New Way to Think About CX Measurement

We get lost in CX metrics acronym bingo, and use these as the defining standard of our CX program. There’s a better way.

NPS. CLI. CSAT. CES. CLV. And on and on and on. Most of us have tried it all — and often with such ardor that we tend to categorize CX professionals by which camp they’re in. I’ve spent at least a bit of time in all of these camps, I have to admit. The unfortunate truth is that each of these metrics can serve a purpose but are off the mark if we are truly trying to use metrics to run the business and effect change.

So, what is the mark we need to hit?

First, let’s explore the most important dimensions of measuring CX.

The Magnificent 7: Why Measure CX

  1. Continuous improvement: Having data that reliably points to what is wrong with our current business processes and what to focus on in order to fix those issues.
  2. Trending over time: Assessing whether we are or are not improving from one period to the next.
  3. Improvement of CX performance for individual customers: Objective evidence that we are getting better at servicing specific customers based on their perceptions and objectives.
  4. Benchmarking: Comparing our CX strategy with industry or process leaders so we know where we stand and, when we are a leader, so we can promote our position against competitors.
  5. Customer performance: Assessing whether our customers are meeting their objectives and how we have (or haven’t) facilitated that.
  6. Return on CX investment: Are we seeing the financial payback we had promised from developing specific capabilities and deploying programs?
  7. Alignment of our CX strategy to company success: Whether we are contributing to revenue, profitability, market share, social or other strategic objectives set by the organization.

Each of today’s most frequently used metrics might help with one or even a few of these objectives, but none fully meet the need.

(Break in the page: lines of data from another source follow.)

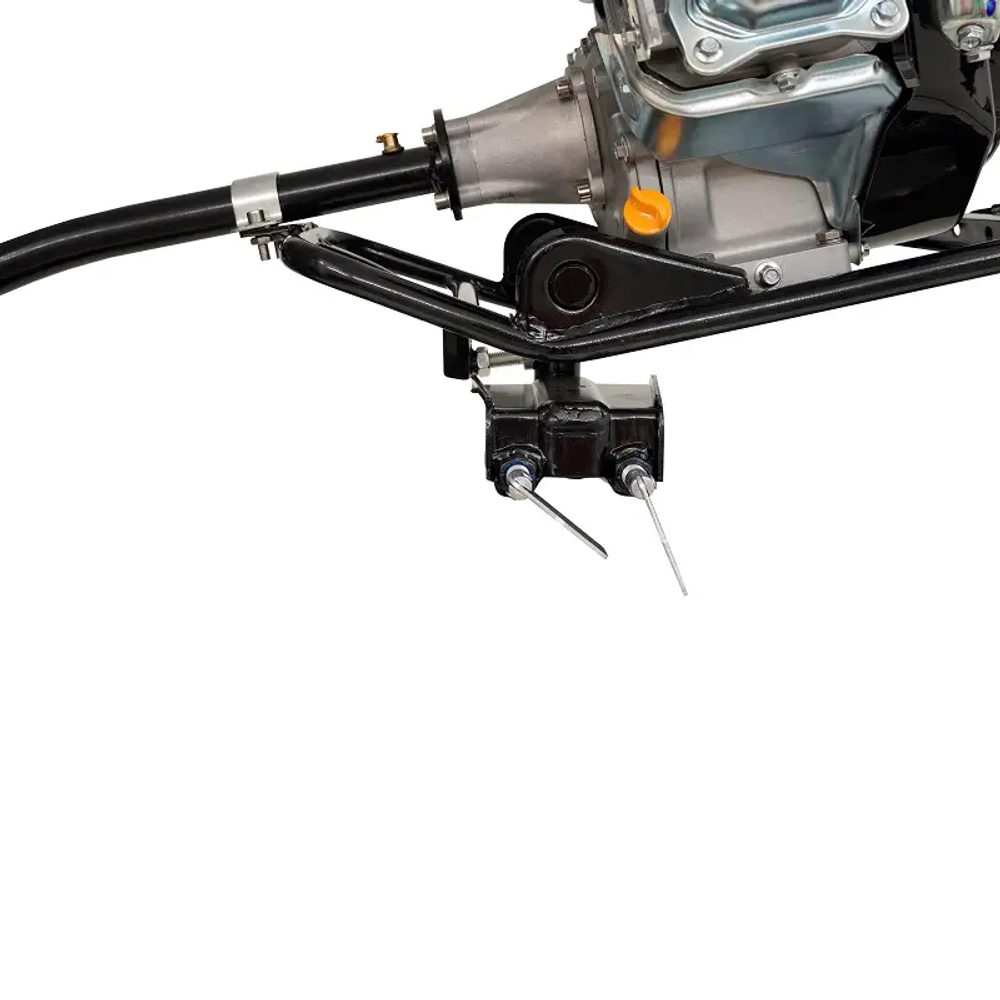 Habert LC170F-2 D19 мотор лодочный болотоход 00-00159499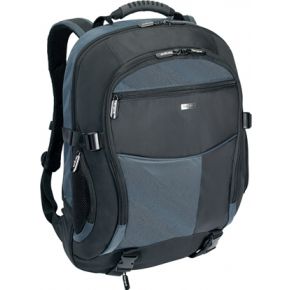 Targus Notebook Backpack 18" XL Black/Blue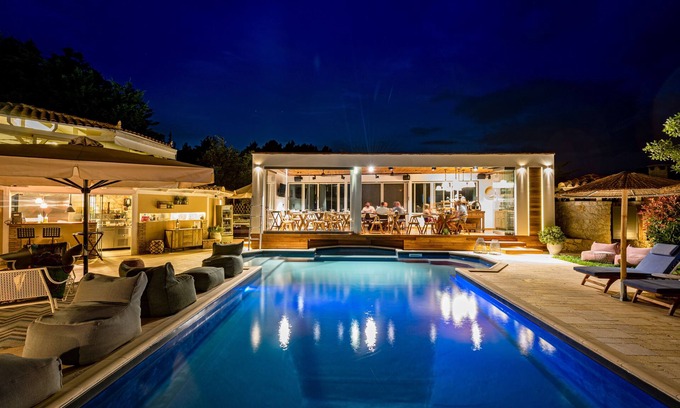 Nafplion City Centre House | Anthemion Suites & Villas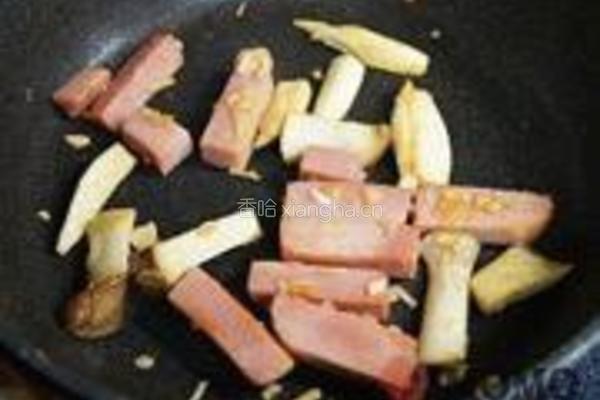 红烧扇贝与甜煮南瓜便当的做法图解11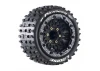 Louise RC ST-Pioneer Removable Hex 12 - 14 - 17mm 0 + 1/2 Offset
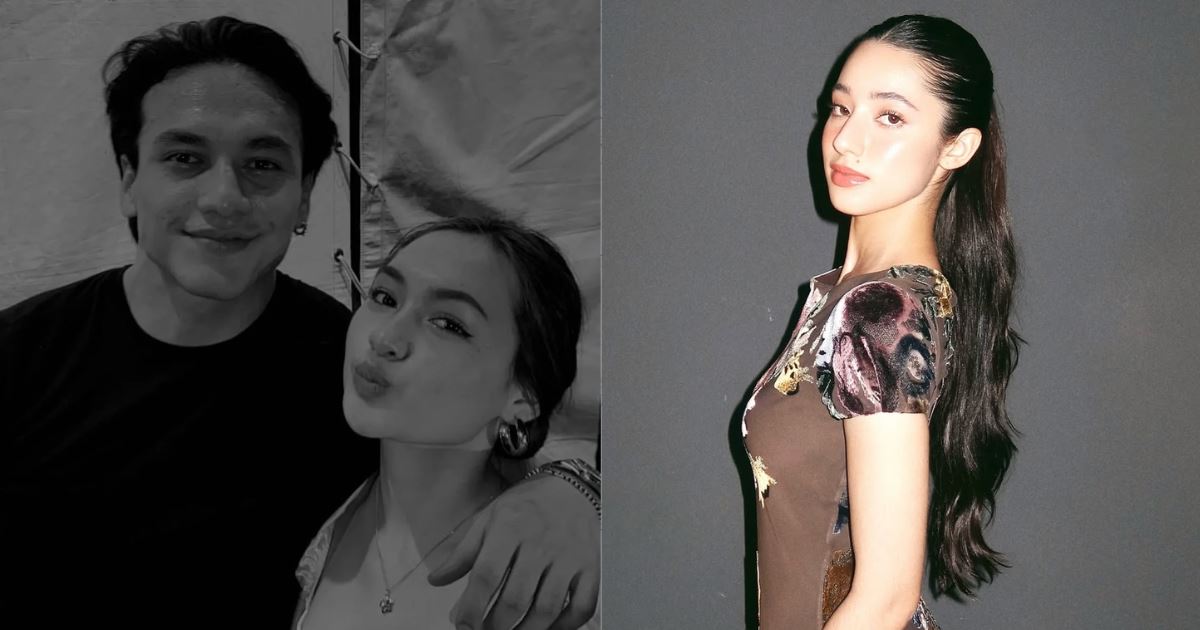 Bergambar Bersama Wanita Lain… Jefri Nichol Didakwa Putus dengan Ameera Khan? Ruangan Komen Diserbu Netizen ‘Kelate’ - “Baby Kelingi Dio Pun Kelingi Jugok…”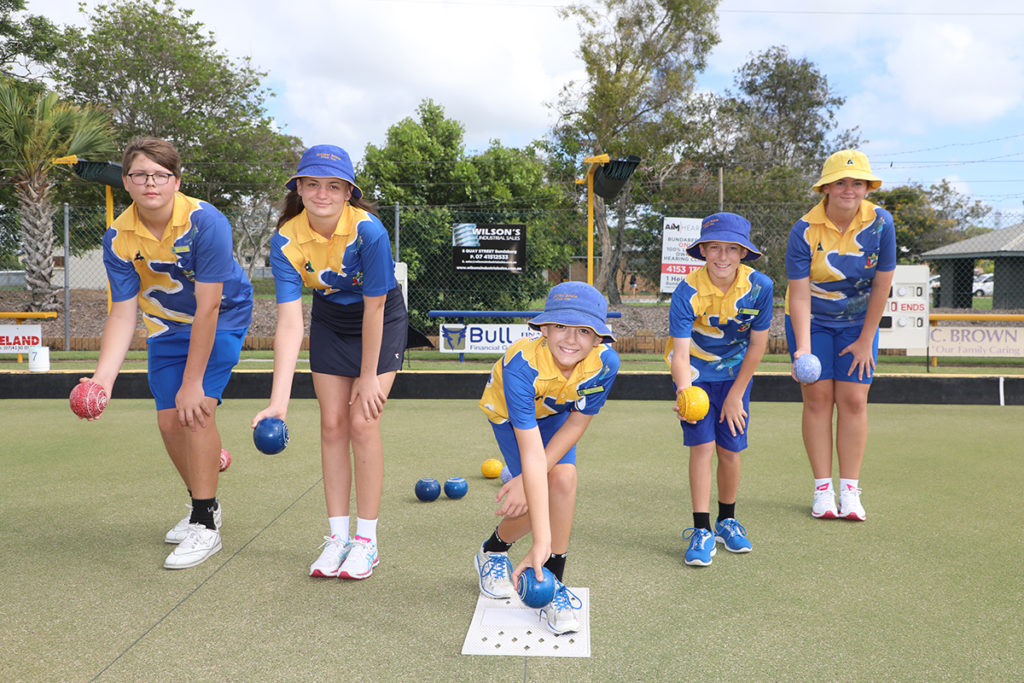 Junior State Lawn Bowls Championships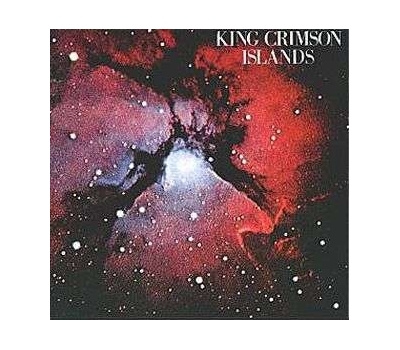 King Crimson - Islands Japan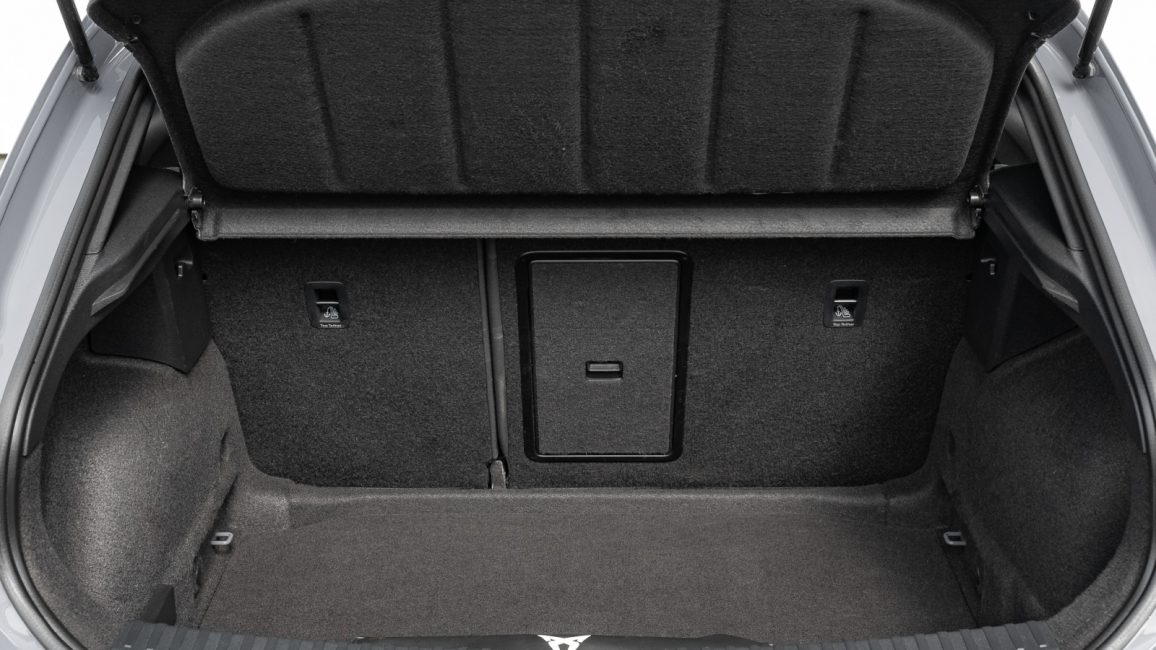 Cupra Leon 2.0 TSI VZ DSG DW6VG70 w abonamencie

Net Promoter Score, for example, is a perfectly viable way to benchmark across organizations or assess broad improvements over time, but I defy anyone to use it to improve specific journeys, processes or business objectives. And there is no way NPS can help us demonstrate the direct linkage between CX and company profitability. Or how about assessing the return on investment in CX programs?

Related Article: Are You Using the Right Customer Experience Analytics?

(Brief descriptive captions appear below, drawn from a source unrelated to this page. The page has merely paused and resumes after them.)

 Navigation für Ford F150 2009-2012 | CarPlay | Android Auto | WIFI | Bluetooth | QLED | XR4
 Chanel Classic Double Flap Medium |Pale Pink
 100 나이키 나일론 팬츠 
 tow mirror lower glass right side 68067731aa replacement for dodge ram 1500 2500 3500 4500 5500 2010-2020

Extraordinary Measures: New Way to Think About Measurement

Instead of the classic measures of CX, why not look at ways to more directly assess the progress of our customer strategy? Instead of abstractions that assess broadly, why not take a more tactical, cause-and-effect oriented approach? To do this, we first need to explore the key contributors, or capabilities, that drive an effective CX strategy. In my experience, these are:

  • Customer Feedback, Data & Analytics: Collecting, analyzing, interpreting, and reporting on customer input, as well as managing customer data across the enterprise. Consider programs such as voice of the customer, customer data management, analytics, storytelling, customer segmentation, and customer advisory boards.
  • Customer Engagement: Interacting and collaborating with customers through programs that focus on account management, awareness-to-buy engagement, post-purchase engagement, executive sponsorship, issue resolution, user experience and proactive “white glove” customer care.
  • Customer Success: Capabilities focused on effective product or services usage, customer communities and platforms for sharing best practices, product adoption, and value realization.
  • Customer Marketing: Developing customer content and related marketing campaigns, account-based marketing, customer references and reward/referral programs.
  • Customer-Centered Transformation: Orchestrating business transformation and change management programs through the lens of customer experience and outcomes.

CX strategies are brought to life through many combinations of each of these capabilities and programs, with specific emphasis varying over time: as a function of program maturity, the state of the business, competitive position and overriding company objectives.

When I was chief customer officer at Oracle, we initially focused on feedback, data and engagement efforts. Later, when those capabilities were more mature, we turned greater attention to customer success and marketing. Finally, we looked at how to weaponize CX for transformation, change, and CX-oriented competitive advantage.

The overall objective of CX is to develop and exploit these capabilities to help you and your customers attain desired outcomes. What could possibly be a better way to measure success than by gauging the effectiveness of each capability? If we look at customer engagement, for example, improvements in account management programs create better overall customer engagement and customer experience. The same goes for brand advocacy and its impact on customer success and experience.

Given a well-defined set of capabilities, it’s a relatively small leap from capabilities to programs and then to measurement or impact.